Records provided: Begin

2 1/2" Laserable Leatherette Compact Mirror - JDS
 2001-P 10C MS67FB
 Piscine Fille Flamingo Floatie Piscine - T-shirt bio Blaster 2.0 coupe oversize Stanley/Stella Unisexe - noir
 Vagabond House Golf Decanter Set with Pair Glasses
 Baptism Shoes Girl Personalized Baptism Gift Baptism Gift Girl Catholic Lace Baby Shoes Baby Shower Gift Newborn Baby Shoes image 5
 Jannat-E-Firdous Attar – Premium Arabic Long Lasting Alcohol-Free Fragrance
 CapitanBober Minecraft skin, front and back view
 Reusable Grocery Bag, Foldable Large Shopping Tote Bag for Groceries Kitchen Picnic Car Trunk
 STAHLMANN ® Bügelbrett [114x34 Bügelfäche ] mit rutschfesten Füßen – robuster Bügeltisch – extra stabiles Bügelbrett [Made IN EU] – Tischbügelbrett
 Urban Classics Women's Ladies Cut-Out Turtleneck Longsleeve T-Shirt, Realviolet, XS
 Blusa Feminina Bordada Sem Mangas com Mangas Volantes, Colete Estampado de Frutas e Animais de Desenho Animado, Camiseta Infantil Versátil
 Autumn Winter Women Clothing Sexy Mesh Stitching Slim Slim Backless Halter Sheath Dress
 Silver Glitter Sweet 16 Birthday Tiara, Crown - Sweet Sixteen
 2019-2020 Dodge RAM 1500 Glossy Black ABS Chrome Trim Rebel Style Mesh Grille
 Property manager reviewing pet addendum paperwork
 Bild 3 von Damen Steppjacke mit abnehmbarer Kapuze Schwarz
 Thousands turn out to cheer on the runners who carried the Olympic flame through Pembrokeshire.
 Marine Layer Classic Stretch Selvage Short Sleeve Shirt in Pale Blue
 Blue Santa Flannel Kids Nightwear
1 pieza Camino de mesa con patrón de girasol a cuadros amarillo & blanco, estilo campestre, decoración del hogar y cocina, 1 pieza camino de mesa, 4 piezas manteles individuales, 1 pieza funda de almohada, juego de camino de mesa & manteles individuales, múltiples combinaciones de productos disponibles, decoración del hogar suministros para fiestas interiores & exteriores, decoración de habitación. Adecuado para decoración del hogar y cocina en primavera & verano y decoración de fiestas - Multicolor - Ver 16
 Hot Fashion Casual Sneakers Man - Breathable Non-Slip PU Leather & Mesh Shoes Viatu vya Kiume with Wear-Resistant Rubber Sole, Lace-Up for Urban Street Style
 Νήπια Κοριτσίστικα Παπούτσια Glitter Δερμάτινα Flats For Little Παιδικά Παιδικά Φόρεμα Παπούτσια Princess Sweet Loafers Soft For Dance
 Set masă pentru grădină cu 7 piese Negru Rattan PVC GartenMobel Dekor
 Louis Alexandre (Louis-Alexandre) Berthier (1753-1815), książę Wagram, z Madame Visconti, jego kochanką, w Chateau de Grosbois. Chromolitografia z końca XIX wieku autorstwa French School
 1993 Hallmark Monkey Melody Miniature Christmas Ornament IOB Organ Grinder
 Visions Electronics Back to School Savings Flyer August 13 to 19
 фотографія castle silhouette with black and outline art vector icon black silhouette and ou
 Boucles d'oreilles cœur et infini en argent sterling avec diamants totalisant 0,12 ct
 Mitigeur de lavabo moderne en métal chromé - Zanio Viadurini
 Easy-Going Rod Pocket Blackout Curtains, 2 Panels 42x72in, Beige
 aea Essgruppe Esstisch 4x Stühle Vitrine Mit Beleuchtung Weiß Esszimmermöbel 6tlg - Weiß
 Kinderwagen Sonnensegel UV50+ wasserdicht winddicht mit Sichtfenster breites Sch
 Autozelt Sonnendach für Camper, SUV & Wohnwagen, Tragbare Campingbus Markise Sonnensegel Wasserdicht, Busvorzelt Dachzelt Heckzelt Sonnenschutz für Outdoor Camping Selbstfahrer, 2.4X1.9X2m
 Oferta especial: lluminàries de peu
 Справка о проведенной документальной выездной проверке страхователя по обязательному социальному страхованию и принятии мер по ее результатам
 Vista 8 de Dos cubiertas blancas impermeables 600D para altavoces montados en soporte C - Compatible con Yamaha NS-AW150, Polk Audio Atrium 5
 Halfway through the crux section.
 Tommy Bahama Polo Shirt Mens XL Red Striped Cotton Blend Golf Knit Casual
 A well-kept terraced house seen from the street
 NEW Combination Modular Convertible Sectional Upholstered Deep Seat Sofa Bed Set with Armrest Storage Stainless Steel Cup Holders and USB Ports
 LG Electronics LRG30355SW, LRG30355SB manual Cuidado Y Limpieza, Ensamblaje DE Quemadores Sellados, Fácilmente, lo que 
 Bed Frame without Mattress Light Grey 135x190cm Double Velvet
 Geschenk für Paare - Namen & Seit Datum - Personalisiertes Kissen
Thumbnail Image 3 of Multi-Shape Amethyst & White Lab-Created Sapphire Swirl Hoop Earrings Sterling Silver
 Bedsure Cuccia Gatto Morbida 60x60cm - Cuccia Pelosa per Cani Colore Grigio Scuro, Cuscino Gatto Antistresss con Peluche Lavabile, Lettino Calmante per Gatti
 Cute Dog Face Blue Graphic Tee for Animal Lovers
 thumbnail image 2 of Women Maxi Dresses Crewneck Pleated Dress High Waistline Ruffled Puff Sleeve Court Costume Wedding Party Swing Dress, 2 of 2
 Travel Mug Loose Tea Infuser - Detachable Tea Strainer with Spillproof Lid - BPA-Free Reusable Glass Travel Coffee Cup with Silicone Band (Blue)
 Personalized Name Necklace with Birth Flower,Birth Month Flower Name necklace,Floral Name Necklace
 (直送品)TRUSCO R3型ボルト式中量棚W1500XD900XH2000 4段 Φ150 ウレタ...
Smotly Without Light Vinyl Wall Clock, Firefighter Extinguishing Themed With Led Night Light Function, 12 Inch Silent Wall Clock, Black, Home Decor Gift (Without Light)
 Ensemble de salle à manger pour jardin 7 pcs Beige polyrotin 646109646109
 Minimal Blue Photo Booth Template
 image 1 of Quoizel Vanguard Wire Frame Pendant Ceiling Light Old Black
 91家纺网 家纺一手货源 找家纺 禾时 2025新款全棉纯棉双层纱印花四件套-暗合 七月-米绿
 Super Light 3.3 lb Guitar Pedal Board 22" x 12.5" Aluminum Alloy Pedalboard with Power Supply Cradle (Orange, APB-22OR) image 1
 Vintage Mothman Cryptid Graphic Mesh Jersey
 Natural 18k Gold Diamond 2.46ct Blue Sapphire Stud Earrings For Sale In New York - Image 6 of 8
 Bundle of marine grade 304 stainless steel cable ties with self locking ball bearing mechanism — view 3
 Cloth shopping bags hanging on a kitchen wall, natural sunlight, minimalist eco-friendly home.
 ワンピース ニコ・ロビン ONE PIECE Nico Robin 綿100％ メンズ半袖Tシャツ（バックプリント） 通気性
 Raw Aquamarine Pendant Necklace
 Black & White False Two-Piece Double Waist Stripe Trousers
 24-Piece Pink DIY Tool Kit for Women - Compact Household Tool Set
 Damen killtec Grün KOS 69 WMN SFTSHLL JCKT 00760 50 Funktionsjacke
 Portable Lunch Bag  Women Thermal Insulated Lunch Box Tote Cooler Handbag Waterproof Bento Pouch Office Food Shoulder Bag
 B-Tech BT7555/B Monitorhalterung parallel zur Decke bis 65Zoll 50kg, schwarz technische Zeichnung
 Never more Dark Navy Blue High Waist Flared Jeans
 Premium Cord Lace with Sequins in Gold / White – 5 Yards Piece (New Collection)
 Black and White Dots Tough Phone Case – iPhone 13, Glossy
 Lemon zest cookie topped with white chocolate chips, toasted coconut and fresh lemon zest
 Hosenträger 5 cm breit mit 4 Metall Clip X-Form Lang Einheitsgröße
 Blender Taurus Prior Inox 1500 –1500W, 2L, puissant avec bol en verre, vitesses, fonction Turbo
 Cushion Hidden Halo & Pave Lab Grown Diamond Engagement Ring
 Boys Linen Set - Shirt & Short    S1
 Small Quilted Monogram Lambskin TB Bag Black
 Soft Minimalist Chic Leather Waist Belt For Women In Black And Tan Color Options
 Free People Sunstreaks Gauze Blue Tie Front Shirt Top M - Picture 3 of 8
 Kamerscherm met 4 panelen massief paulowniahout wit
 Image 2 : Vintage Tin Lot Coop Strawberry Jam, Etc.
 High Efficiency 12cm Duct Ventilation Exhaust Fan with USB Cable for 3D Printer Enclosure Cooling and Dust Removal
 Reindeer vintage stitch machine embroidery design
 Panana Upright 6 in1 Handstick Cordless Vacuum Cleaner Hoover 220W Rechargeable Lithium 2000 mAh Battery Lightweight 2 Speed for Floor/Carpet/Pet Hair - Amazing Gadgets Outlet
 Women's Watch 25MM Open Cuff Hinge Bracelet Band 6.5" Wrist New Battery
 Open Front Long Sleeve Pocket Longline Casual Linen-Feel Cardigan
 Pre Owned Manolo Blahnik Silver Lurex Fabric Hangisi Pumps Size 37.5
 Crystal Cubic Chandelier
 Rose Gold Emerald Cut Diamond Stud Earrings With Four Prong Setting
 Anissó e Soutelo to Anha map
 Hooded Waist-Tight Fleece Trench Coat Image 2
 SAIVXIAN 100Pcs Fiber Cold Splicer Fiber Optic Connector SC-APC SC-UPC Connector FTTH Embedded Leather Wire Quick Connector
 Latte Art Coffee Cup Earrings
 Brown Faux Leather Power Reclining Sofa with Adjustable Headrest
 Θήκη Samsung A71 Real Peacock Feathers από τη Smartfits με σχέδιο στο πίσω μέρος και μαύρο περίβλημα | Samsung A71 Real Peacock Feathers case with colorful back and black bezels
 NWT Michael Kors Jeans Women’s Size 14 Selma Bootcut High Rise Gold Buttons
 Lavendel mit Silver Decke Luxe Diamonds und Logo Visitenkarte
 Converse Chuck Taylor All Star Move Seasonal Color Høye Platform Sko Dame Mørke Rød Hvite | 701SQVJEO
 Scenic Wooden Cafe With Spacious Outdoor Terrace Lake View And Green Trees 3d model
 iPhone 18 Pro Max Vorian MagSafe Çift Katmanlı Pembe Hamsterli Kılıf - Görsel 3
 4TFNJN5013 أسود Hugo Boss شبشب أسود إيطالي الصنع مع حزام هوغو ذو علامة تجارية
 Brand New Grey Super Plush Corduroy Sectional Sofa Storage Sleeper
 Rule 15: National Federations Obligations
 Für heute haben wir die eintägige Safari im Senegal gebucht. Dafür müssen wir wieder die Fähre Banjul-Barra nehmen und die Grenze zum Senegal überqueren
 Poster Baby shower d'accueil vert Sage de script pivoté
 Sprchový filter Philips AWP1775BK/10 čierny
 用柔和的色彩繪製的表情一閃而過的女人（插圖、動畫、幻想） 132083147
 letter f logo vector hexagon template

Records provided: End

Directions for this task:
Count the lines in the records that include the word "through". Report the total alone.

Problem solution:
2